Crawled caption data
****
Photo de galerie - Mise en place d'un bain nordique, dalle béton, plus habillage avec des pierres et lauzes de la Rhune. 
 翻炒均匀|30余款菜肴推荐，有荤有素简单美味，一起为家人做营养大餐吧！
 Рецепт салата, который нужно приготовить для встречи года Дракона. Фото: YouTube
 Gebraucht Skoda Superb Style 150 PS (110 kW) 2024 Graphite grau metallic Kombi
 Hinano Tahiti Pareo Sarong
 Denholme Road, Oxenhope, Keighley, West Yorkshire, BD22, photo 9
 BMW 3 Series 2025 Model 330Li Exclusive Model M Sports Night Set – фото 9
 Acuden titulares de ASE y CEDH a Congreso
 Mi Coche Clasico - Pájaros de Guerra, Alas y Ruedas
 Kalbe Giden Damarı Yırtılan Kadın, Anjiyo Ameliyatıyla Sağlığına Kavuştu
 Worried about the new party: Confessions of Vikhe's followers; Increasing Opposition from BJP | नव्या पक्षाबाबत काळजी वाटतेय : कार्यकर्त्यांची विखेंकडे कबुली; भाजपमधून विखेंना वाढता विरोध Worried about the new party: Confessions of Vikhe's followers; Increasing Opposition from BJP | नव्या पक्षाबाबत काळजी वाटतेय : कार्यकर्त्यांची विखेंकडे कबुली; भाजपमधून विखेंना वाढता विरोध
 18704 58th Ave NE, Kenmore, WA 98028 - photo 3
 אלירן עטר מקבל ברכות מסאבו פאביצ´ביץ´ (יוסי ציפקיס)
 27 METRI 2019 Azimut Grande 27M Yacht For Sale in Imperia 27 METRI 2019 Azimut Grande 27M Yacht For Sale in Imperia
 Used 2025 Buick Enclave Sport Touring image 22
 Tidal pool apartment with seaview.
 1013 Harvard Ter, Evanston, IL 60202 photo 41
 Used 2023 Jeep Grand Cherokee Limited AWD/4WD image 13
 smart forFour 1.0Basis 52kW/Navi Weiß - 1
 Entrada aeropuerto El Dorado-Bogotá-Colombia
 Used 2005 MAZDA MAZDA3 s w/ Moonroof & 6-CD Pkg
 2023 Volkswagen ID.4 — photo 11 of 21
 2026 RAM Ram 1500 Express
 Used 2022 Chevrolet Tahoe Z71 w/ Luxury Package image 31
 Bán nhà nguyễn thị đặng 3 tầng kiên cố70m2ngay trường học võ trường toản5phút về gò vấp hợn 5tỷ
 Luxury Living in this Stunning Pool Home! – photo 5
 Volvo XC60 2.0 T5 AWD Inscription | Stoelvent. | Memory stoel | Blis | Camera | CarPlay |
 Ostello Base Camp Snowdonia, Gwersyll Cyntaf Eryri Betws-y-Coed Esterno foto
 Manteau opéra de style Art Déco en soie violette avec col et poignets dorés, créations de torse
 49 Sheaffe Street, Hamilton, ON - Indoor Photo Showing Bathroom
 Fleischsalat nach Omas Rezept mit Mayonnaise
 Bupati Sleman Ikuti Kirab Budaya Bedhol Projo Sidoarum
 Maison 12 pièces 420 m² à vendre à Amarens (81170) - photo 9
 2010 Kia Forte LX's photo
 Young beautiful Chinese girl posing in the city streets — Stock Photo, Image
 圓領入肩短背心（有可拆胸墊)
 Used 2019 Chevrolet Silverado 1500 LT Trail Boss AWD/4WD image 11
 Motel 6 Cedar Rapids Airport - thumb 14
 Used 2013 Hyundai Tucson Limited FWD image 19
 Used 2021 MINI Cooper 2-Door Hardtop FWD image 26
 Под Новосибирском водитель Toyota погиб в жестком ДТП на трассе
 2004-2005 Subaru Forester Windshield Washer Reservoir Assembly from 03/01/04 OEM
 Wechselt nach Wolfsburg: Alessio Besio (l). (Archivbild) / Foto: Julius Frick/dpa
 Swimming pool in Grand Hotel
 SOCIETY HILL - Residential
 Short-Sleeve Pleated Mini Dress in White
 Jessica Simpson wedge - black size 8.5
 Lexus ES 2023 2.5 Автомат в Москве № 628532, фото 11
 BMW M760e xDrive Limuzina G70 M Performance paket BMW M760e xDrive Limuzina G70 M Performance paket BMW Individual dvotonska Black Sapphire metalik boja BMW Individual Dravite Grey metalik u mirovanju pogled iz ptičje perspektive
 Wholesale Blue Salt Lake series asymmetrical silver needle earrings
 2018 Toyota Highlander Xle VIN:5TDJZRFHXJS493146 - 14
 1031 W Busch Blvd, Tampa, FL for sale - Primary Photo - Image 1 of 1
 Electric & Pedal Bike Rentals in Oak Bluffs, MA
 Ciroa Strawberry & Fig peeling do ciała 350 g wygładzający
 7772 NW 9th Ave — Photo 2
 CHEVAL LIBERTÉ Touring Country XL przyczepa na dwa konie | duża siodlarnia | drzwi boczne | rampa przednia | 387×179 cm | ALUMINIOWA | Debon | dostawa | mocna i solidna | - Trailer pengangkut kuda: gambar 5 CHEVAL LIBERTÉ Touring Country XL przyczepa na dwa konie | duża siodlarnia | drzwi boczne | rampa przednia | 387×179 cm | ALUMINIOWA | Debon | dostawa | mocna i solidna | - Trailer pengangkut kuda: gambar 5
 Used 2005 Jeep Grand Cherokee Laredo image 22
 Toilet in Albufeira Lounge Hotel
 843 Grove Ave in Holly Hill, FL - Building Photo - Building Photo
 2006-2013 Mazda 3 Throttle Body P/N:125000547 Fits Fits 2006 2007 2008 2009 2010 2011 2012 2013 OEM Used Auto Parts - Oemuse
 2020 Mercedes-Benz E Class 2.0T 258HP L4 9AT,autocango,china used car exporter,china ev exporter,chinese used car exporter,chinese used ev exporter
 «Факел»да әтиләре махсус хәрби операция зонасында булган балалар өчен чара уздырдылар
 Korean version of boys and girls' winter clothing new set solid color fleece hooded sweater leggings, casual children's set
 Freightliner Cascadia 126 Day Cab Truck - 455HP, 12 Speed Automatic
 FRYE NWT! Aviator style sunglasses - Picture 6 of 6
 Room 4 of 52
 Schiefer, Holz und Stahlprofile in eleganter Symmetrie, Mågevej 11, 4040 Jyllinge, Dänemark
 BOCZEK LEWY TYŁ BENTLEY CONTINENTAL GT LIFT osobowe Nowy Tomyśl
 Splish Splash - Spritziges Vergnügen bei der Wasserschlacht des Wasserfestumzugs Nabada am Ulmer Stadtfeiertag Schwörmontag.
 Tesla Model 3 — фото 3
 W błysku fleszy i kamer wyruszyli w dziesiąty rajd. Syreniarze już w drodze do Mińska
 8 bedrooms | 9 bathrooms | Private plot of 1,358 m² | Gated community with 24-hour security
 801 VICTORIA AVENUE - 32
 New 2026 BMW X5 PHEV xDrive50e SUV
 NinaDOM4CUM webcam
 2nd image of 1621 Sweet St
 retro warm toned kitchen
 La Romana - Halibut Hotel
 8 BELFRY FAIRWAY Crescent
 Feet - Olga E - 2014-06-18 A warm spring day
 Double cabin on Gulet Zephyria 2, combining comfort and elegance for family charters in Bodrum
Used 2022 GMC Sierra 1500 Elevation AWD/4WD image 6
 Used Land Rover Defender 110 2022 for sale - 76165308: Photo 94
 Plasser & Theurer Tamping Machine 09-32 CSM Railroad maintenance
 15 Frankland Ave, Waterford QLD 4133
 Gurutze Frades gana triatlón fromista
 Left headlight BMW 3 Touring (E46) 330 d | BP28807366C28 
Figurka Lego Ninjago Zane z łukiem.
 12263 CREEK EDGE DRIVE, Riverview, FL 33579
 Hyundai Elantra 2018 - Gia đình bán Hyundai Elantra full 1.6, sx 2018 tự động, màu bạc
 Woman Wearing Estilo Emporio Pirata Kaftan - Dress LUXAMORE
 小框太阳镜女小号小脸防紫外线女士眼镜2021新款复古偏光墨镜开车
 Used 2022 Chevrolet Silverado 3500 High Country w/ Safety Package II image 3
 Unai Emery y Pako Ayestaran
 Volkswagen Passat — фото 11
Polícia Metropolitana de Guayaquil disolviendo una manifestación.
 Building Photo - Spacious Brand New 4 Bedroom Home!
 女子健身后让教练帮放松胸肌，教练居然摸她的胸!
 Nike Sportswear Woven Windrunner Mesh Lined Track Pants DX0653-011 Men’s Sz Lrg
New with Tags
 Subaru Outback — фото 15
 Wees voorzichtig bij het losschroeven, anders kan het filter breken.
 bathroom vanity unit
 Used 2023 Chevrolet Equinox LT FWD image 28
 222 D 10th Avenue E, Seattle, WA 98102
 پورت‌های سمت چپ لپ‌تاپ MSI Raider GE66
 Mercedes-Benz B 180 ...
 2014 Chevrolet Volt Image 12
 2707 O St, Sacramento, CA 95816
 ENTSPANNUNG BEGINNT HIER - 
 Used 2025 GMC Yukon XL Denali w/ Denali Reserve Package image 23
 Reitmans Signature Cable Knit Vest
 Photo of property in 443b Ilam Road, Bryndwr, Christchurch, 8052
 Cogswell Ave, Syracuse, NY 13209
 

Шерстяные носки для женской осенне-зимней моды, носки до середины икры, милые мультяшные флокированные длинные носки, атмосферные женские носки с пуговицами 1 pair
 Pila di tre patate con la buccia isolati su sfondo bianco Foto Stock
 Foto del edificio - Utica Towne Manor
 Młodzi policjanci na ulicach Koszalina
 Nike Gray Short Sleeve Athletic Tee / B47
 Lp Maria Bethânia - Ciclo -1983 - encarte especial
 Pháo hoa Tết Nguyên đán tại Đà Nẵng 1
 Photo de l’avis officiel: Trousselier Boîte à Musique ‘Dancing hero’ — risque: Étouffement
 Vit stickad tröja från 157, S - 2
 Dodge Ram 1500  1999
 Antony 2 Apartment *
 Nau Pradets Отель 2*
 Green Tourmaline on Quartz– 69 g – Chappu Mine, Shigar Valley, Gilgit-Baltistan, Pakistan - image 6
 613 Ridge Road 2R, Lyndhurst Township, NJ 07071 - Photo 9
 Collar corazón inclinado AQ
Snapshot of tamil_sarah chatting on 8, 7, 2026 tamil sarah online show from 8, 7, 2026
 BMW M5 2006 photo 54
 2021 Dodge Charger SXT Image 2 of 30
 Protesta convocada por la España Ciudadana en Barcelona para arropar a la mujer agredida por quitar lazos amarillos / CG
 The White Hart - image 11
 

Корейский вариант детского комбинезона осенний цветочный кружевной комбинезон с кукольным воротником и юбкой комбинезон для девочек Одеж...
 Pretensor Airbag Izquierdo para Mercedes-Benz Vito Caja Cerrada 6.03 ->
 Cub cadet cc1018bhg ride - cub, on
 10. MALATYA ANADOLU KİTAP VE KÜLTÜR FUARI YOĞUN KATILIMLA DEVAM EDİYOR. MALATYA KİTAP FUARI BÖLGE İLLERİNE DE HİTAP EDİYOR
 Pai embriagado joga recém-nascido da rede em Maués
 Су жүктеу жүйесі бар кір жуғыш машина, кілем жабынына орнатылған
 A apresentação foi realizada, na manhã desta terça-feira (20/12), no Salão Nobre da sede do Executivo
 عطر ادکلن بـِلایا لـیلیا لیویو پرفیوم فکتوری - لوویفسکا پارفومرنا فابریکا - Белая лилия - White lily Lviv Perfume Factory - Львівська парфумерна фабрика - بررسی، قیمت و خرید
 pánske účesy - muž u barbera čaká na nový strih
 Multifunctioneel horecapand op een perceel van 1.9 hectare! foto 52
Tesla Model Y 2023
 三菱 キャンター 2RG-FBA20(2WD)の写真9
****
» **WHAT THE EXERCISE ASKS**:
Please return the lines above that run from the line containing "Short-Sleeve Pleated Mini Dress in White" to the line containing "BMW M760e xDrive Limuzina G70 M Performance paket BMW", inclusive, exactly and with no other lines.

» **COMPLETED EXERCISE**:
 Short-Sleeve Pleated Mini Dress in White
 Jessica Simpson wedge - black size 8.5
 Lexus ES 2023 2.5 Автомат в Москве № 628532, фото 11
 BMW M760e xDrive Limuzina G70 M Performance paket BMW M760e xDrive Limuzina G70 M Performance paket BMW Individual dvotonska Black Sapphire metalik boja BMW Individual Dravite Grey metalik u mirovanju pogled iz ptičje perspektive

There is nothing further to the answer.